# Super Awesometacular Vacation Pics



## TickleMyElmo (Aug 13, 2009)

Well, I'm back from another vacation, and just like the last time, I figure I'd show a few shots from the trip! Keep in mind this was not a vacation planned around photography exclusively, so I was just taking some shots as I went along....Nevertheless, this isn't your uncle bobs vacation slideshow either   I used some state of the art film simulation software for the black and white pictures, so if your wondering why they look like film, its because its an exact replica of it....I believe only Kodak TMAX 3200 was used for simulation....

1.



2.



3.



4.



5.



6.



7.



8.



9. Benjamin Franklin bird disapproves of your actions...lol!


10. Found the texture in this one interesting...


11. Helllooooo down thereeee! I can touch my toess to my noseee!


12.


13. I had to take this bridge...



14. To get to here...



That is all, kthxbye!


----------



## acitydweller (Dec 28, 2011)

Wow... What lens do you normally travel with?


----------



## CalmSeasQuest (May 26, 2012)

Beautiful!!


----------



## etane (May 14, 2012)

Great pics. What camera, lens and settings did you use particularly for #5?

And, where did you go on vacation?


----------



## 2in10 (Feb 8, 2011)

Gorgeous shots, well framed and selected


----------



## Fishly (Jan 8, 2010)

Wow. I love the peacock!

Did you use a tripod to take all of these or were they taken on the fly? And if you don't mind explaining to a novice- how do you get away with the focal point not being at a 1/3 point?


----------



## Chrisinator (Jun 5, 2008)

Omg


----------



## jart (Jan 17, 2003)

Nice!


----------



## mcqueenesq (Aug 29, 2011)

Stunning shots! Where did you go?


----------



## TickleMyElmo (Aug 13, 2009)

As a side note, the image I like best is #2. On top of it being a great image, it speaks volumes about Nikon's 70-200 2.8 VRII, because the picture is a 80% crop of the original, and it was taken at f/2.8. Talk about lens performance!



acitydweller said:


> Wow... What lens do you normally travel with?

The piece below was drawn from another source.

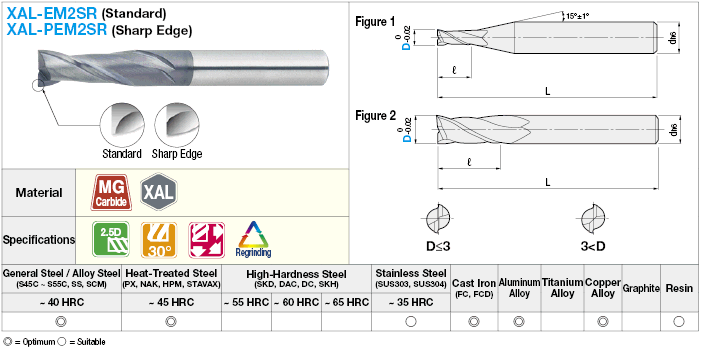 Fresa de extremo cuadrado de carburo serie XAL, 2 flautas / 2, modelo de longitud de flauta 5D: imagen relacionada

Thanks! I had my Nikon 24-70 f/2.8, Nikon 70-200 f/2.8 VRII (plus 1.4x teleconverter for some), and 50mm 1.4G with me for the trip....



CalmSeasQuest said:


> Beautiful!!


Thanks!



etane said:


> Great pics. What camera, lens and settings did you use particularly for #5?
> 
> And, where did you go on vacation?


Thanks! I traveled light with my D700, 24-70,70-200 VRII, and 50 1.4G. The settings for #5 were 24mm, f/11, 1/500th shutter speed and ISO 200.



2in10 said:


> Gorgeous shots, well framed and selected


Thanks! Nice to hear positive feedback from everyone!



Fishly said:


> Wow. I love the peacock!
> 
> Did you use a tripod to take all of these or were they taken on the fly? And if you don't mind explaining to a novice- how do you get away with the focal point not being at a 1/3 point?


Thanks, I like that picture as well. The peacock was rather pissed off though, hence the display...

No tripod at all, I don't even own one. All of them were handheld. You really don't need a tripod until you _need_ one, and until you have enough experience to recognize when you really need one, you don't need it (confused yet?)

What do you mean by 1/3 focal point? Are you talking about breaking the rule of thirds but still creating great images? If so, it comes with experience. The rule of thirds is a great thing, and I definitely recommend following it if you're starting out, but eventually you recognize when a slight shift is beneficial to the image. 

Rules like that are great as a guideline, but rules are meant to be broken. Besides, everything would start to look the same if people didn't tastefully break the rule. You have to know enough to know when the rule should be broken (Now you should be really confused, lol)



Chrisinator said:


> Omg


Haha, thanks 



jart said:


> Nice!


Thanks to you too!



mcqueenesq said:


> Stunning shots! Where did you go?


Thanks! I went to the exotic far away land of.....North Carolina, lol!


----------